Field effect on electron emission from the deep Ti donor level in InP

Abstract

The effect of electric field on the thermal emission of electrons from the ${\mathrm{Ti}}^{3+}$/${\mathrm{Ti}}^{4+}$ deep donor level in InP has been investigated. Double-correlation deep-level transient spectroscopy as well as differential-isothermal-capacitance transient measurements have been carried out on low-pressure–metalorganic-chemical-vapor-deposition-grown InP:Ti samples. It is found that the emission rates are strongly field dependent increasing by up to a factor of 17 corresponding to an increase of the field by a factor of 3.5 in the measured temperature range of 260 to 340 K. The experimental data are well fitted with a Poole-Frenkel model employing a three-dimensional square-well potential associated with the ${\mathrm{Ti}}^{3+}$/${\mathrm{Ti}}^{4+}$ level with a radius r=4.6 nm.

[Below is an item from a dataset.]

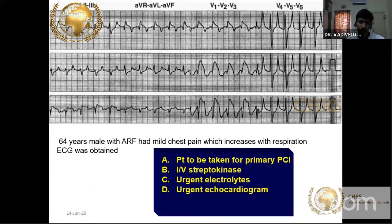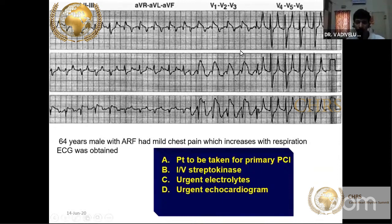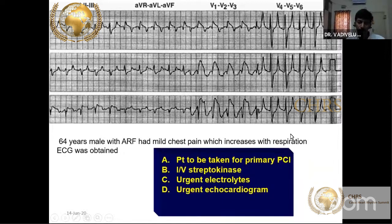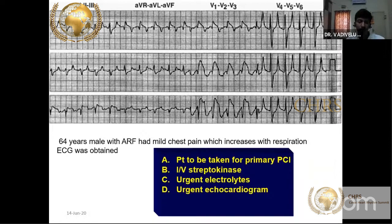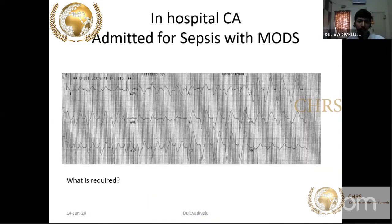A 65-year-old male with acute renal failure and mild chest pain that increases with respiration — pleuritic chest pain. ECG shows ST segment elevation in V1 to V3 and also in AVR with very tall peaked T waves. In the setting of acute renal failure, hyperkalemia should be suspected. Urgent electrolytes confirmed a potassium of 7.5. Hyperkalemia can present with ST segment elevation or depression as an anterior MI mimic.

The fit of this model to the experimental data yields variations in the activation energy, ΔE=0.48±0.02 eV to 0.57±0.02 eV, depending upon the actual field strength. An extrapolated zero-field ΔE(0)=${\mathit{E}}_{\mathit{C}}$-${\mathit{E}}_{\mathit{T}}$=0.59±0.02 eV is found. The electron-capture cross section is determined to be ≊(6.6±0.3)×${10}^{\mathrm{-}13}$ ${\mathrm{cm}}^2$. Thus, the controversy about the previously reported variations in ΔE values is resolved. A comparison of ΔE(0) with the ${\mathrm{Ti}}^{3+}$/${\mathrm{Ti}}^{4+}$ energy position in GaAs and ${\mathrm{In}}_{0.53}$ ${\mathrm{Ga}}_{0.47}$As shows that the energies are within 20 meV horizontally across the heterojunction, confirming a prediction of the ‘‘internal-reference’’ rule for the energy position of transition-metal levels in isoelectronic semiconductors.